DATA BLOCK.
•••

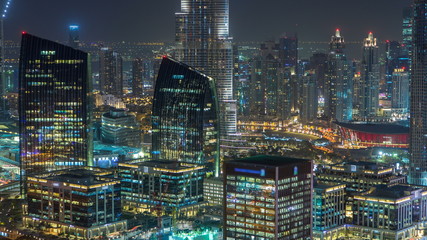 Aerial view of Dubai downtown Lake area night timelapse and skyscrapers of Old Town Island, from top. Skyline urban city of Dubai.
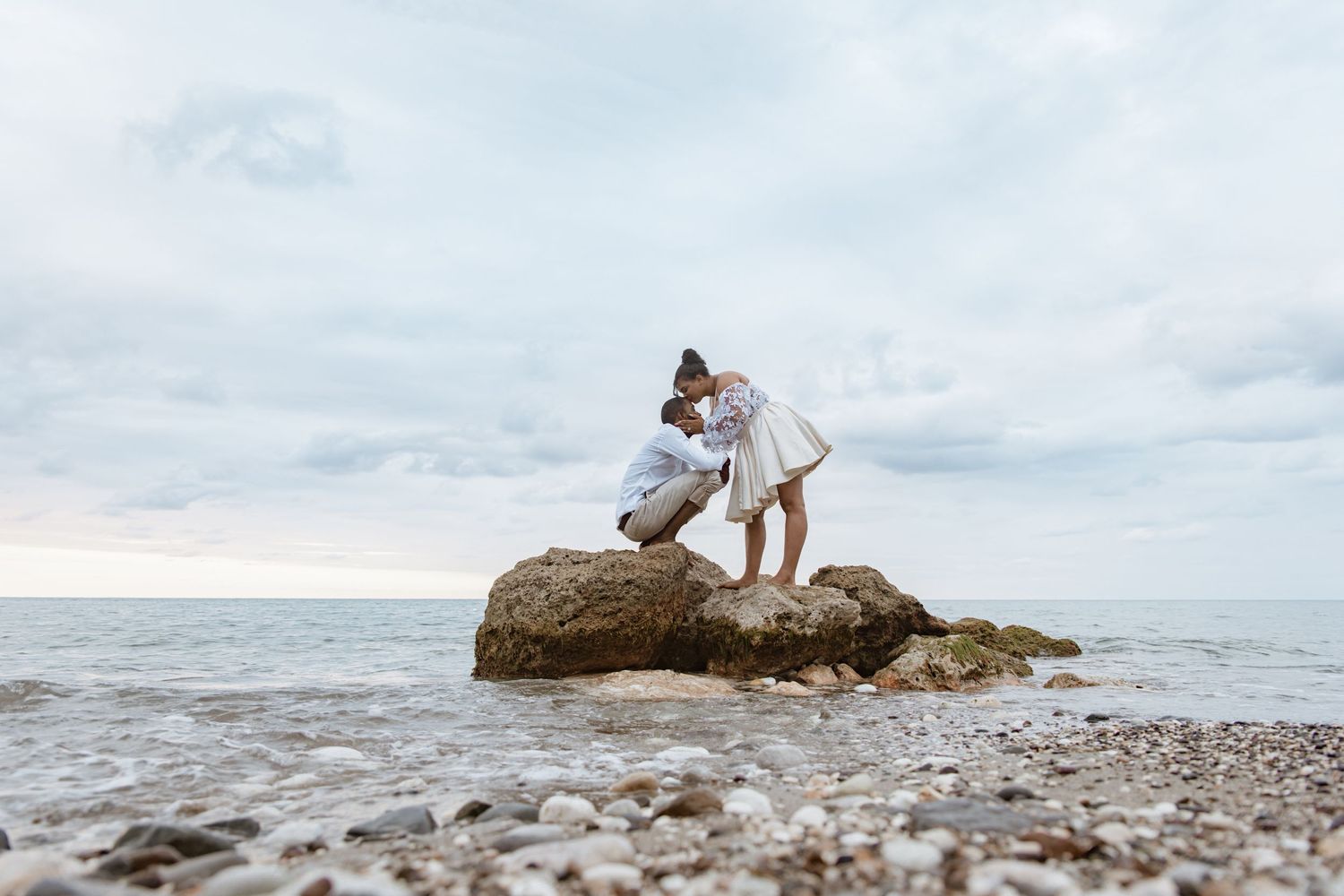 Romantic couple sharing a tender kiss while standing on a rock by the serene seaside under a cloudy sky.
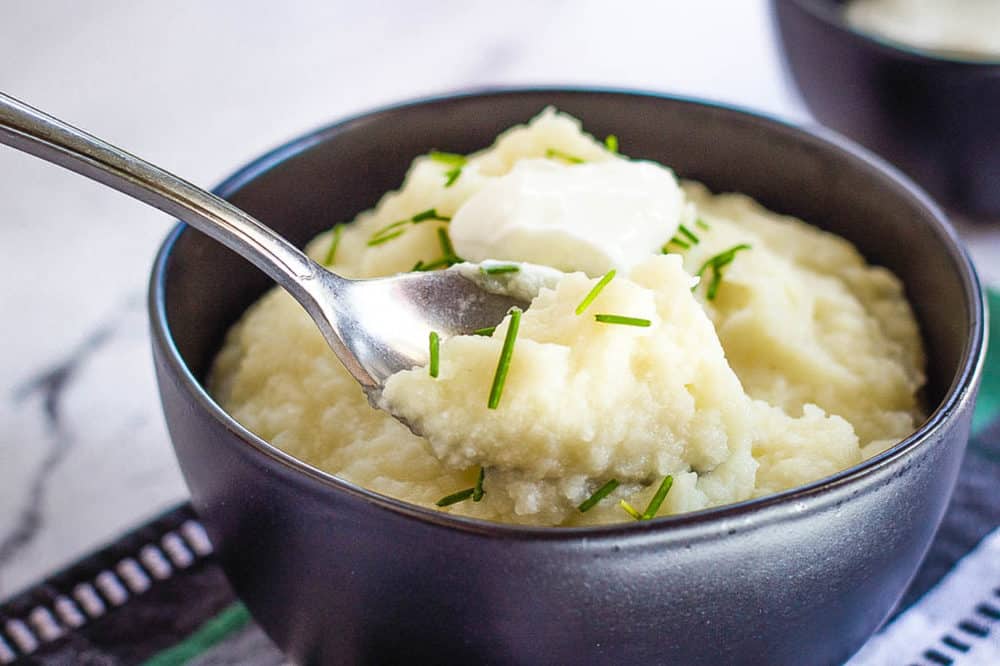 healthy mashed potatoes in a blue bowl against a blue and green cloth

•••

REQUIREMENT.
Exactly as written, return every line of the listing, but not the pictures.

REPLY TO THE TASK.
 Aerial view of Dubai downtown Lake area night timelapse and skyscrapers of Old Town Island, from top. Skyline urban city of Dubai.
 Romantic couple sharing a tender kiss while standing on a rock by the serene seaside under a cloudy sky.
 healthy mashed potatoes in a blue bowl against a blue and green cloth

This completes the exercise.